GENEVA - In the months leading up to 1 January 2005 - when the quota system that regulated the global trade of textiles and clothing for 40 years was scheduled to expire - many tried to picture what the post-MFA global landscape would look like. Would there be a social and economic impact? Would there be an impact on employment? Would there be job losses, and if so, where? Which countries would emerge stronger or weaker in international textile trade?
The answers to these and other questions are still unknown. But in light of the uncertainty among producing countries, workers, and enterprises worldwide, the ILO has called for a tripartite meeting this fall to review the immediate social and economic impact of the expiration of the MFA quota system.

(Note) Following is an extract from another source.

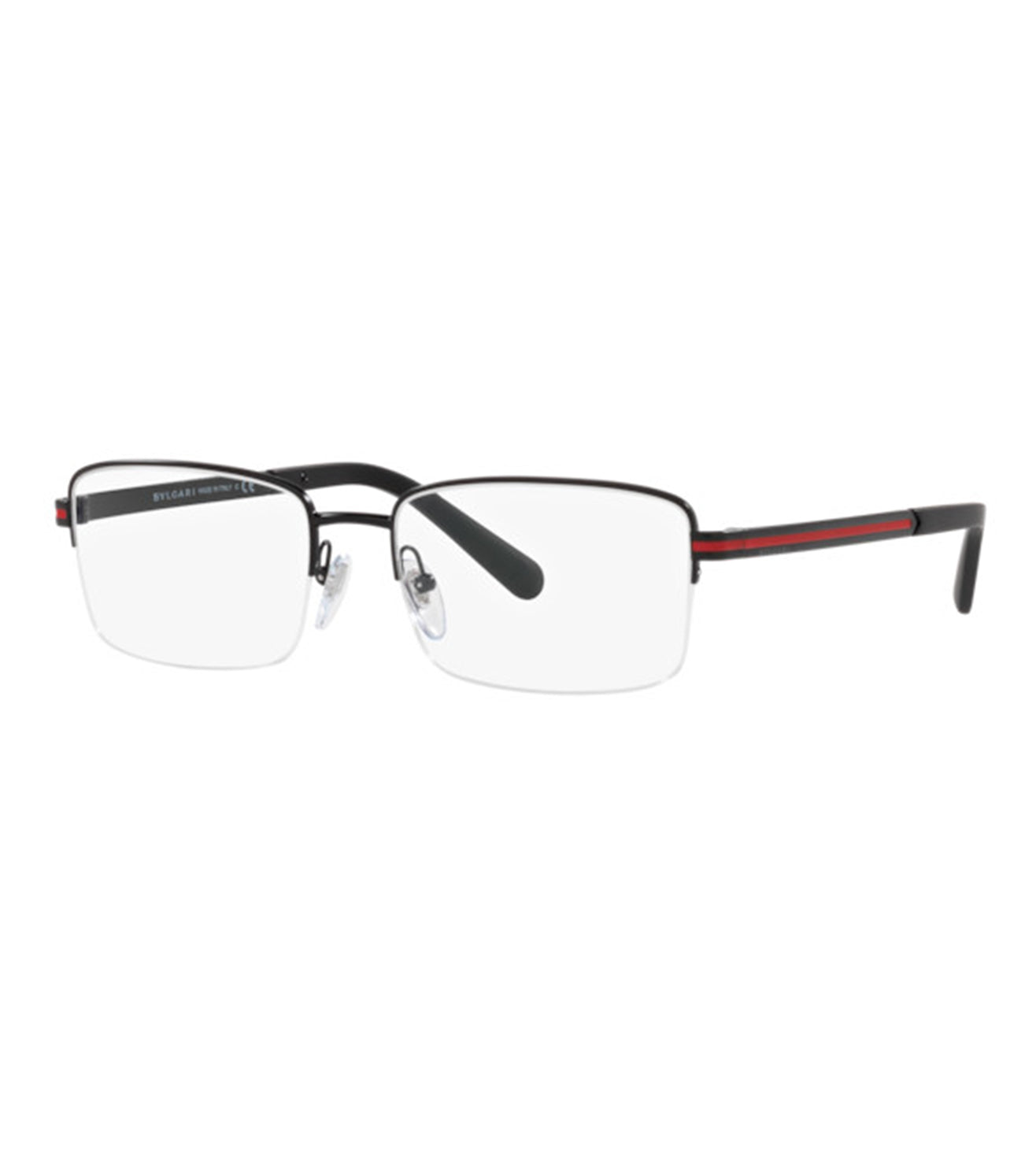 Bvlgari-zoom-2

With a focus on promoting fair globalization in textiles and clothing in a post-MFA environment, the meeting will be held at ILO headquarters in Geneva from 24 to 26 October 2005. It will centre on developing strategies to ensure decent work worldwide and promoting social dialogue between governments and employers' and workers' organizations regarding the consequences and trends associated with the end of the quota system. Participants will also share their own experiences on how they have helped and will continue to help their respective constituents adapt to the changing environment. At the conclusion of the meeting, the results of the discussions and any recommendations will be presented to the ILO Governing Body.
Representatives of governments from the following countries have been invited to participate: Bangladesh, Brazil, Cambodia, China, France, Haiti, India, Kenya, Lesotho, Mexico, Morocco, the Philippines, Romania, Turkey, the United States, Burkina Faso, Egypt, the Dominican Republic, Italy, Madagascar, Sri Lanka, and Viet Nam. In addition, 15 employer and 15 worker delegates will take part in the meeting. Observers from the World Bank, the World Trade Organization (WTO), the Organisation for Economic Co-operation and Development (OECD), the European Union, the United Nations Conference on Trade and Development (UNCTAD), the International Trade Centre, and the International Textiles and Clothing Bureau have been asked to attend.
An ILO report being prepared for the meeting will assess the initial impact of the end of the quotas on the world of work and discuss key developments since the quotas were lifted during the first quarter of 2005. It will focus on major producing and importing countries, reviewing initiatives undertaken around the world with the help of the ILO to promote competitiveness in the industry while maintaining decent working conditions.
Balancing the world on a pin
In many ways, the MFA brought about a sense of equilibrium as the textile and clothing sector was growing more global and interconnected over the last 40 years. Created in 1974, the MFA governed the global give-and-take of textiles and clothing through a complex system of quotas established by industrialized nations to protect their sectors from outside competition. As a result, clothing exporters migrated throughout the world in search of countries where additional quotas were still available, and in the process helped to create millions of jobs in nations that previously had a small textile exporting business, if any.
But the MFA was only a finite solution, with the eventual aim of integrating the sector into the General Agreement on Tariffs and Trade over a 10-year period by phasing out the quota system in four steps, the last of which was completed on 1 January 2005.
Weighing the possibilities
A working paper issued by the ILO in January 2005, entitled "Labour implications of the textiles and clothing quota phase-out" made the first attempt to examine the impact of ending the MFA quota system. The paper examined how nine exporters (Bangladesh, China, the Dominican Republic, the European Union, India, Pakistan, the Philippines, Romania, and the United States) were anticipating the change in regulations prior to 1 January 2005.
The paper concluded that countries in south Asia could emerge stronger in the international arena than others, with an advantage for capacity, workforce, and cost-efficiency that is more attractive to buyer firms. Meanwhile, in countries that are not at the fore of the textile and clothing sector and depended on the quotas to ensure viability, things may begin to shift. They are now relying on ingenuity for what they lack in infrastructure to handle the transition as gracefully and competitively as possible. For example, Thailand is promoting Bangkok as a leading fashion centre for Asia, and Cambodia is making a determined effort to improve working conditions for employees.
The paper also stated that employment could decline as a result of the end of the quotas, particularly in countries that formerly imposed them. The ILO estimates a global decline of between 1 and 2.5 per cent by 2018. However, the proliferation of international supply chains could improve the bargaining position of workers in participating firms, and thus improve the quality of employment conditions for those working in the sector.
These are just hypothetical conclusions, and the true global impact of the end of the quota system on textile trade remains to be seen. But for the ILO, dealing with these new circumstances in a socially responsible way, particularly when international competition is high, will require integrated social and economic strategies to be implemented at the national and international level. The October meeting will offer an ideal opportunity for government, employer, and worker delegations from around the world to work together in building a fair globalization.